Our project area is located just south of 206th street in Hamilton County near the Center for Earth and Environmental Science of IUPUI. As a group we walked through some of the native brushes to get to the worksite. The walk to the worksite was actually more difficult than what I imagined. There was a small “path” and I was surprised how difficult it was to actually maneuver through the brushes. Once we arrived at our worksite at the riverbank, Cliff, our guide, showed us what Bush Honeysuckle actually looks like and how to remove it from the environment. There was Bush Honeysuckle everywhere.

I was surprised how abundant it was. We were to cut down the Bush Honeysuckle with either a small saw or with pruning shears, depending on what size the Bush Honeysuckle was; the sizes varied greatly. Some were the size of small trees and others that were small enough to not even be noticed. Our guide directed us to cut the Honeysuckle down and then to drag it to large piles that had already been established from previous service projects. The process, started by the Central Indiana Land Trust, was to cut down the larger Honeysuckle, let it decompose for six months in the large piles and then to come in with herbicide and kill the small saplings that were left. This is a very tedious project and according to Bob Barr of the Land Trust, it is one that has been ongoing for about six or seven years.

Cliff explained to us that Bush Honeysuckle was originally brought to America from Asia in the early 1900’s. Travelers who brought the plant to American thought that it would provide solid shelter for small animals such as birds. It was also intended to provide a source of food for birds and other wildlife from its small red berries. It was not until a few decades ago, with the development of new technology, that researchers were able to break down the sugars of this berry and realized that it does not contain complex sugars, but simple sugars. This meant that birds that ate these berries were not getting the right amount of carbohydrates, which leads to lack of energy and prevents the birds from being able to fly long distances. With Indiana being in the center of many migratory paths, Bush Honeysuckle is detrimental in migration to many different bird species. (There was a study done in 1999 in the tri-state area regarding birds and Bush Honeysuckle. Researchers followed 600 birds that built nests in Bush Honeysuckle for the purpose of laying their eggs; when hatching time arrived none of the 600 nests had a single hatchling survive.)

Bush Honeysuckle is such a dense brush and it is so prevalent in the area, it has prevented ground animals’ ability to move through it. This is detrimental to the local deer’s migration patterns and caused an over abundance of deer in the area. In the early 1900’s, it was thought that deer would eat the berries provided by these Bush Honeysuckle, but through rigorous research it was discovered that they do not. Because deer do not eat the Bush Honeysuckle berries, they are forced to survive on other native local plants. This puts a strain on the ecosystem and the available food resources for the area.

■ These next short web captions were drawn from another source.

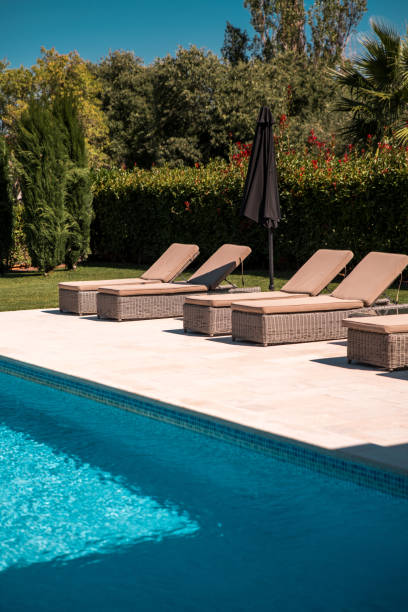 istock Deep Pool and Wicker Sunbeds on Stone Patio 2158178880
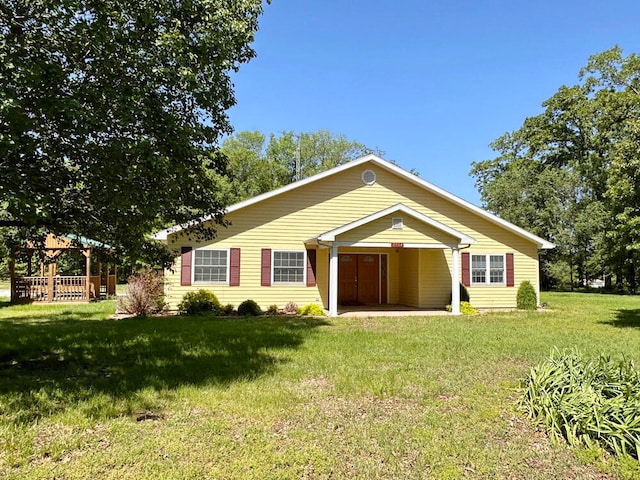 ranch-style house with a front lawn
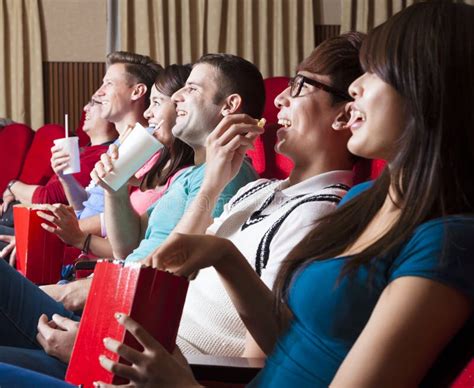 Young People Watching A Movie At The Cinema Stock Image Image Of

Through the Central Indiana Land Trust’s service learning project, hopes of removing Bush Honeysuckle are quite high. The process is very unique as well as time consuming. It has taken six or seven years to begin to see improvement in this small Indiana area. But through the dedication of the Central Indiana Land Trust as well as volunteers, researchers think that Bush Honeysuckle will be completely removed and native plants will begin to grow again. By adding native Indiana vegetation, soil erosion will decrease, allowing other native plants to grow. A native vegetation canopy will decrease soil erosion and thus increase the water quality in the White River. With all the dedication and time that people spent doing this project as well as other projects around central Indiana, the Central Indiana Land Trust in cooperation with IUPUI has protected almost 4,000 acres and 15 nature preserves in the state of Indiana.

Because of this project I have learned how important native plants are to our local environment; they provide warm shelter to small animal species, food for many different species, and also maintains the entirety of the local ecosystem. Native plants help control erosion, which in turn help with the quality of water in the White River and ultimately in our state. In class we have discussed the negative effects that erosion can have on water and on soil quality. Sediment pollution is also an environmental issue that we have discussed in class. By removing invasive plants and establishing native plants near rivers and other waterways, volunteers can prevent sediment pollution. Prevention of sediment pollution in one area of a river can affect the quality of water through the entire river and also help control flooding. Through this learning project and through class lectures, I have learned how one small plant can affect the state as a whole. The ecosystems located here in Indiana , as well as the global ecosystem, are so beautifully balanced it is amazing how much it has endured through the decades with human population and consumption at an all time high. In the course of this project, combined with class I have learned so much about the balance of the Earth and what we need to do to help sustain it.

2 comments:

  1. I found your article very informative! Personally I have been a bit oblivious to the problems that we are experiencing right here in the greater Indianapolis, IN area. Reading this article has stirred up in me the feeling that I should begin volunteering myself. Thank you!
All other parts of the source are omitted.